1. **Scheduler**: This model uses `FlowUniPCMultistepScheduler` (multi-step) which matches the official Cosmos 2.5 implementation, NOT `FlowMatchEulerDiscreteScheduler` (single-step) used in some FastVideo examples.

2. **Weight Format**: Uses FastVideo-compatible weight format with proper key mapping.

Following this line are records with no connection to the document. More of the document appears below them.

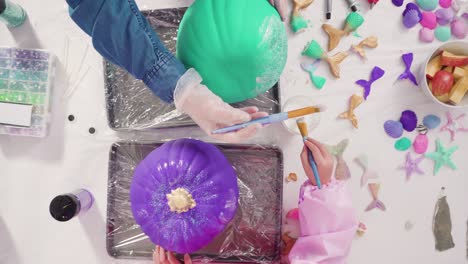 decorating art pumpkins with glitter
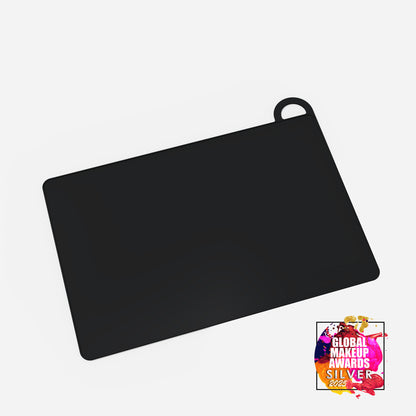 Black MY BIG MAKEUP MAT by MYKITCO, a versatile makeup tools mat with awards, designed for easy makeup application and blending.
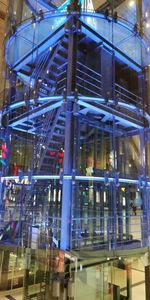 Low angle view of modern building at night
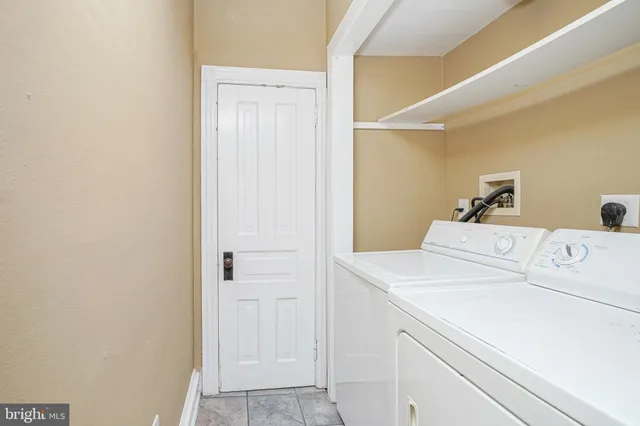 a view of an empty room with wooden floor and a bathroom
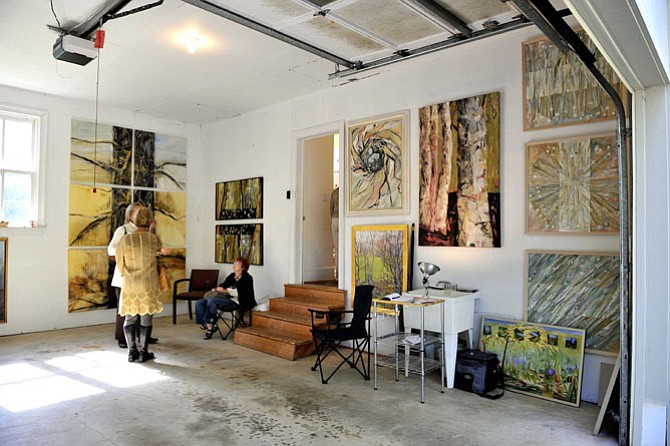 The garage of abstract painter Jo Fleming becomes a makeshift exhibition hall during a past Studio Tour. Studio Tour, a self-driving event to meet artists in their home environments, is the signature event of Great Falls Studios, and involves thousands of visitors over a weekend each fall. This year’s tour is October 14 to 16.
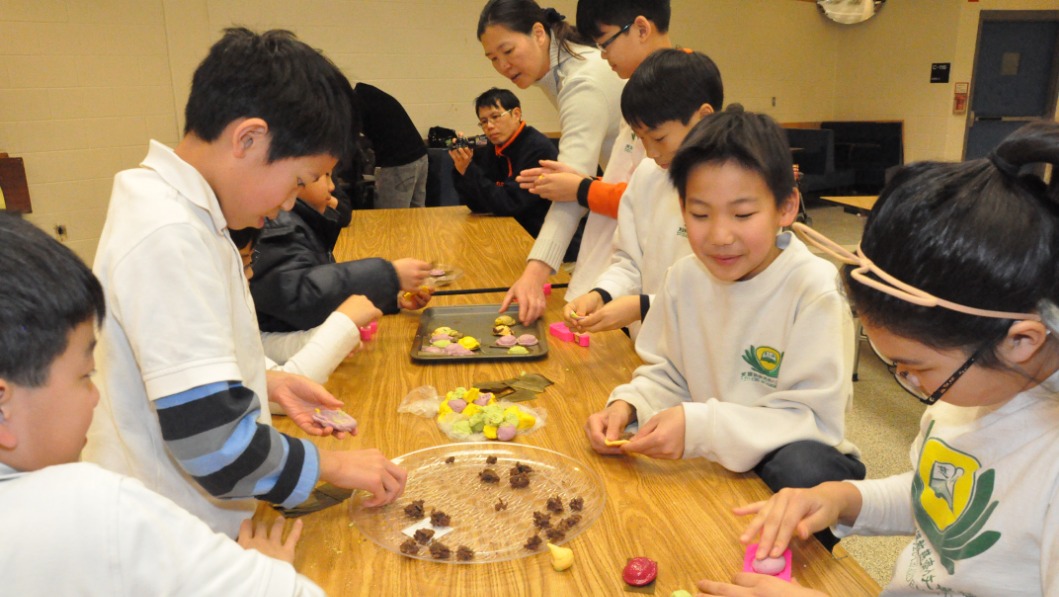 Tzu Chi Acadmy teacher and students making Chinese sweet dumplings together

3. **Configuration**: All hyperparameters match the official Cosmos 2.5 2B model.

## Inference Parameters

Recommended settings for best quality:

- **Resolution**: 480x832 (or multiples of 16)
- **Frames**: 121 (or any compatible length)
- **Steps**: 35 (with UniPC scheduler)
- **Guidance Scale**: 7.0
- **Scheduler Shift**: 5.0 (dynamic, applied during inference)
- **FPS**: 24.0

## Model Information

- **Model Size**: ~2B parameters (transformer only)
- **Precision**: BFloat16
- **Context**: Trained for video prediction/generation
- **License**: Check NVIDIA's official license for Cosmos models

## Citation

If you use this model, please cite:

```bibtex
@misc{cosmos2024,
  title={Cosmos: Foundation Models for Video Generation},
  author={NVIDIA},
  year={2024}
}
```

## Notes

1. This is a Diffusers-compatible format but uses FastVideo classes, not standard Diffusers classes.
2. The text encoder component needs to be loaded separately from the official cosmos_predict2 package.
3. For best results, use the same scheduler (FlowUniPCMultistepScheduler) that the official model uses.
4. The model expects text embeddings in the shape (batch, 512, 100352) - make sure your text encoder produces this format.